__Exercise goal__. List all lines of the data containing the word "which".

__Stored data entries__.
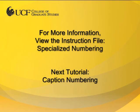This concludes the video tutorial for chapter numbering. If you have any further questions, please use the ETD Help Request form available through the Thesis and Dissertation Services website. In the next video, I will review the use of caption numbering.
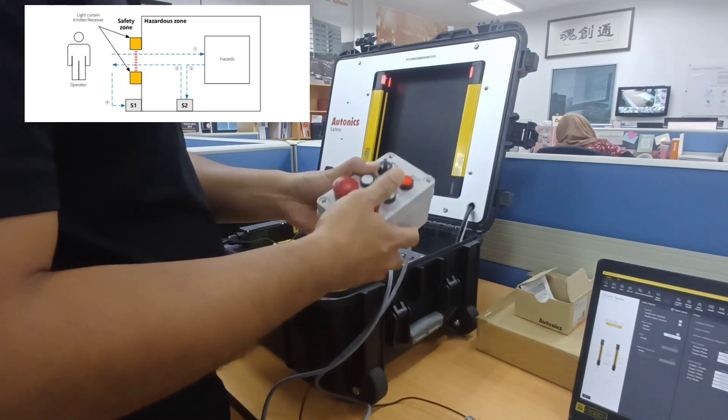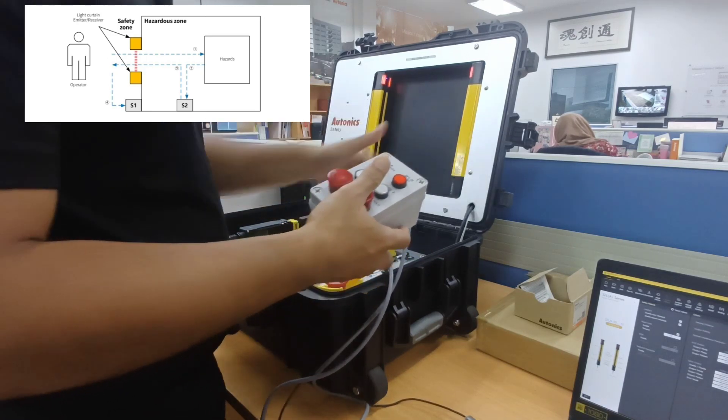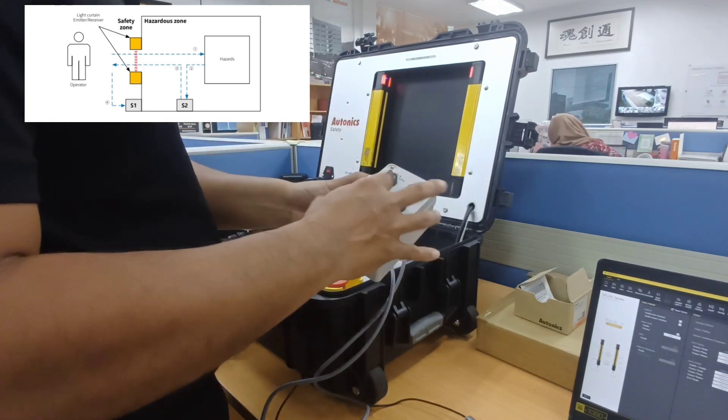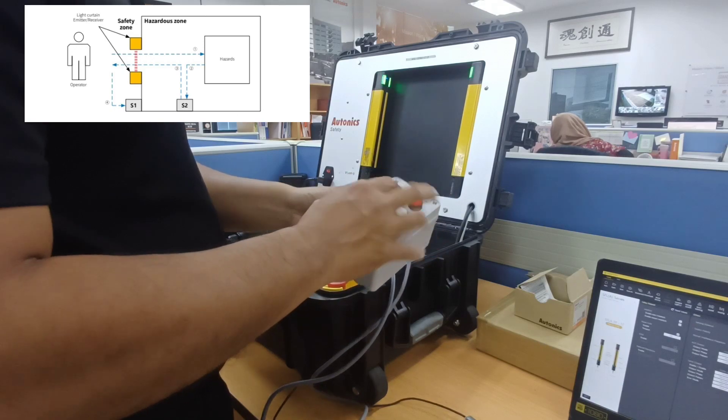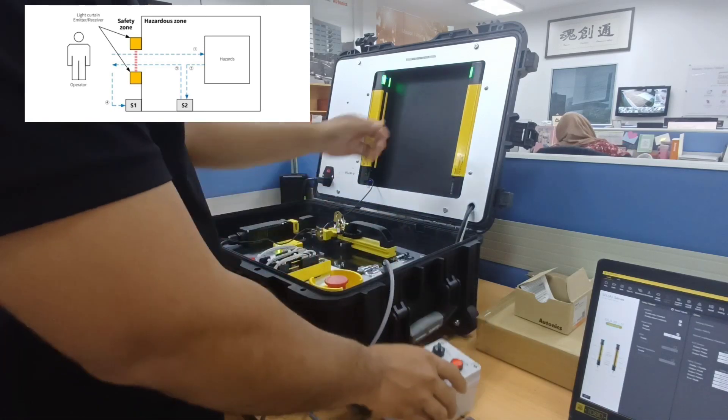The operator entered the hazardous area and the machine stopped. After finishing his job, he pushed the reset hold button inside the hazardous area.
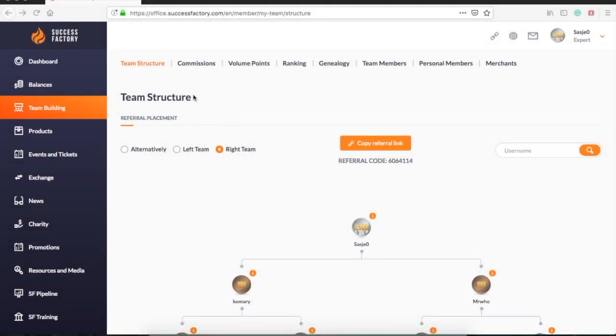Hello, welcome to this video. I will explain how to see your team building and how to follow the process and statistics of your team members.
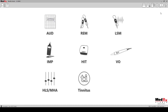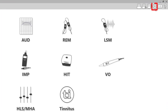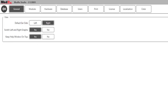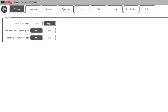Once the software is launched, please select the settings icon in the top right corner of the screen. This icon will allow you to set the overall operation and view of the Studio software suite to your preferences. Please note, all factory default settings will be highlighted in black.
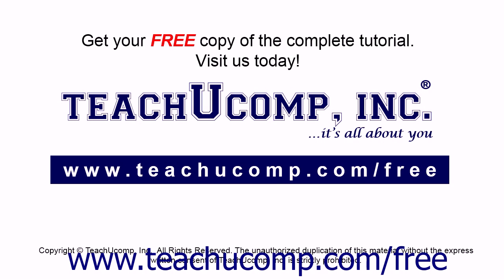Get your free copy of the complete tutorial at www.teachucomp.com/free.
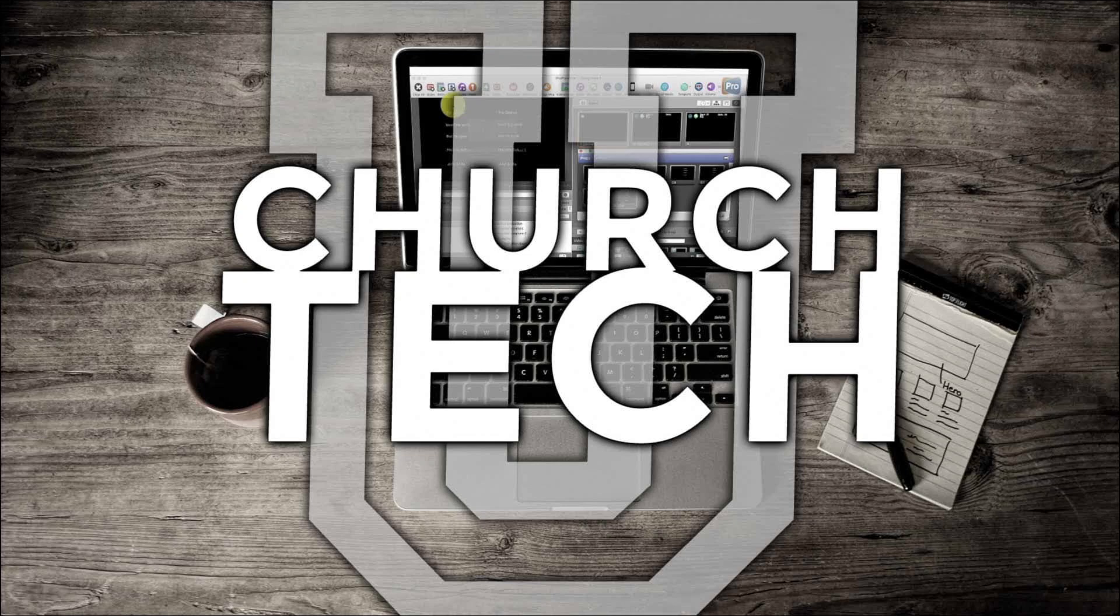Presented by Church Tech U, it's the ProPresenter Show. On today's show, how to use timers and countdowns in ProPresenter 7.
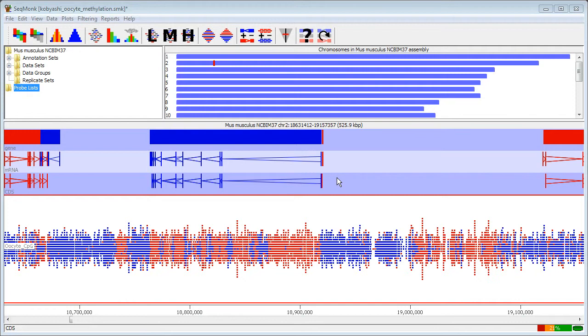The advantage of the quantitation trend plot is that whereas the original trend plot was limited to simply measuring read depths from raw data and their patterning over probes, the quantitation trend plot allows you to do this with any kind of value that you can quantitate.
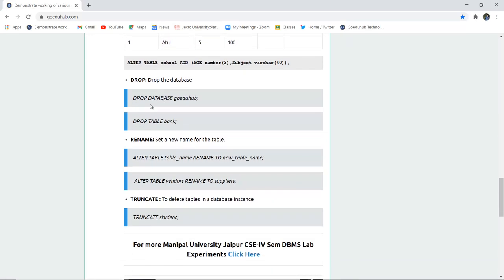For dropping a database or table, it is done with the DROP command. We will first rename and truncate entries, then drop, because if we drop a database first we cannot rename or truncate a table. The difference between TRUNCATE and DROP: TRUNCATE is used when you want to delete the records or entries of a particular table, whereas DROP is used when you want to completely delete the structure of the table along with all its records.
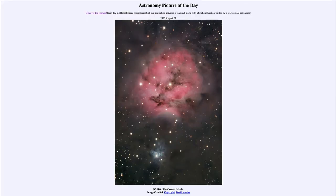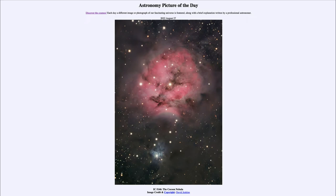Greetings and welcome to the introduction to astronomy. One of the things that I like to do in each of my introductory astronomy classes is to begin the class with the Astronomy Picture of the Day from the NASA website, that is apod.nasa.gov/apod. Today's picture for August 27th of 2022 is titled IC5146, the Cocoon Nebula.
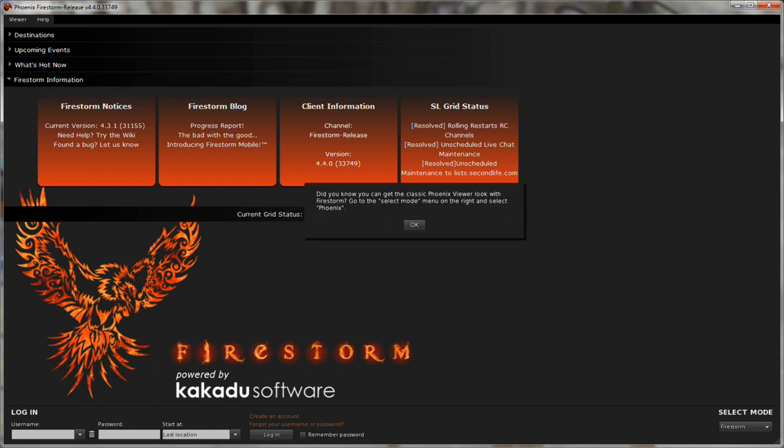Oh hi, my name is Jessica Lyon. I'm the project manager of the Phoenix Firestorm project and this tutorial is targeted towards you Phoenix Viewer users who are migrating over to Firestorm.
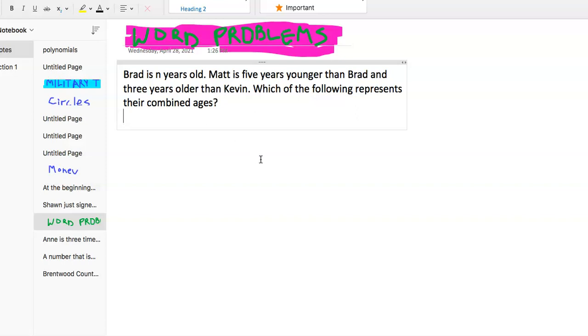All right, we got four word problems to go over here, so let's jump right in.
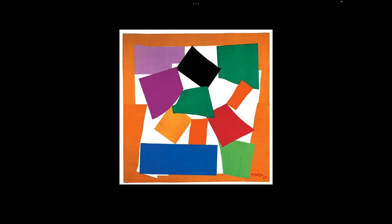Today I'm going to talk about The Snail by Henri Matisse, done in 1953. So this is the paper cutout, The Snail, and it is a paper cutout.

...

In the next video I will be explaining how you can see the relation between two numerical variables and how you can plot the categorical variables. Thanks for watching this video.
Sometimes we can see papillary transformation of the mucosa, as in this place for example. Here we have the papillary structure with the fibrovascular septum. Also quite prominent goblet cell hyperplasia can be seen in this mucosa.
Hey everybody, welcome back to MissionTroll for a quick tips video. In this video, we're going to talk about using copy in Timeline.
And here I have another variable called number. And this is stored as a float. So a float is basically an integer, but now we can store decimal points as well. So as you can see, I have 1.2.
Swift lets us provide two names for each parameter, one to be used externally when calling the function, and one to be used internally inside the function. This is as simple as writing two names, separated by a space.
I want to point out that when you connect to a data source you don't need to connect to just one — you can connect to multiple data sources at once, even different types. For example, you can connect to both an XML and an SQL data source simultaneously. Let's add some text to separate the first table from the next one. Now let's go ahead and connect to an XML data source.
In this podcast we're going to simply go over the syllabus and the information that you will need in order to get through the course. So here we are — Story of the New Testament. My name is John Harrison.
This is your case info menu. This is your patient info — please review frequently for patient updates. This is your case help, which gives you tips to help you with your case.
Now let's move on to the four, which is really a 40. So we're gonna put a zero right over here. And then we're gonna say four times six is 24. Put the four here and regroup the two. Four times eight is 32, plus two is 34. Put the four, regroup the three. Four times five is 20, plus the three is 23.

__Output for this exercise__.
This is your case info menu. This is your patient info — please review frequently for patient updates. This is your case help, which gives you tips to help you with your case.
Now let's move on to the four, which is really a 40. So we're gonna put a zero right over here. And then we're gonna say four times six is 24. Put the four here and regroup the two. Four times eight is 32, plus two is 34. Put the four, regroup the three. Four times five is 20, plus the three is 23.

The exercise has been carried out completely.